Nigerian security forces searched for a kidnapped German engineer on Friday as the Boko Haram Islamist group threatened new attacks in Africa’s most populous nation and top oil producer.
In an audio recording posted on YouTube, Abubakar Shekau said he ordered the coordinated attacks that killed at least 185 people in Kano on January 20 and vowed that the group would strike again.
“We were responsible,” said Shekau of the January 20 assaults, the deadliest ever attributed to the shadowy group.
“I ordered it and I will give that order again and again. God gave us victory,” he said.
The authenticity of the Hausa language message, which played above a picture of Shekau with a Kalashnikov set in the background could not be independently verified.
But the photo appeared to match with previous ones said to be of Shekau and the voice sounded similar to earlier recordings.
“We attacked the security formations because our members were arrested and tortured. Our women and children have also been arrested,” he said. “They should know that they also have wives and children.

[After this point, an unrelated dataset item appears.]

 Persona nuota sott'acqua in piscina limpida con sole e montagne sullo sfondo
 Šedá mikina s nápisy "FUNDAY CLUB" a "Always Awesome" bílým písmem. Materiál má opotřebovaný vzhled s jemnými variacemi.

We can also abduct them. It is not beyond our powers.”
Boko Haram has previously said that it wants to create an Islamic state in Nigeria’s deeply-impoverished mainly Muslim north, charging the government with harassing Muslims and raiding Islamic schools.
“Soldiers raided an Islamic seminary in (the northern city) of Maiduguri and desecrated the Koran. They should bear in mind that they also have primary and secondary schools and universities, and we can also attack them.”
But after a meeting with governors from 19 northern Nigerian states early Friday, Nigeria’s Vice President Namadi Sambo denied that religious tensions were fuelling the Boko Haram menace in the country whose population is roughly divided between a mainly Muslim north and a mainly Christian south.
“It is very clear that there is no religious problem, religious fighting in northern Nigeria,” Sambo told journalists.
Shekau was seen as Boko Haram’s second-in-command at the time of a 2009 uprising put down by a brutal military assault, after which the group went dormant for about a year before re-emerging in 2010 with increasingly sophisticated attacks.
There has been intense speculation about Boko Haram’s links to foreign Islamist groups, specifically Al-Qaeda’s north Africa franchise, known as Al-Qaeda in the Islamic Maghreb (AQIM).
Speaking to AFP a western diplomat downplayed the strength of those ties.
“I think there’s evidence of contact (with foreign groups), but in terms of operationally linking up with AQIM or extremist groups elsewhere, we don’t see Boko Haram as an Al-Qaeda franchise,” said the diplomat who requested anonymity.
In Kano, hit by a fresh blast on Thursday after armed men stormed a police station two days earlier, gunmen kidnapped a German engineer working with a Nigerian construction company Dantata and Sawoe.
Edgar Raupach was seized by men who “came and handcuffed him and put him in the boot and zoomed away,” said Kano police spokesman Magaji Majia.
Regional police immediately sent out an alert.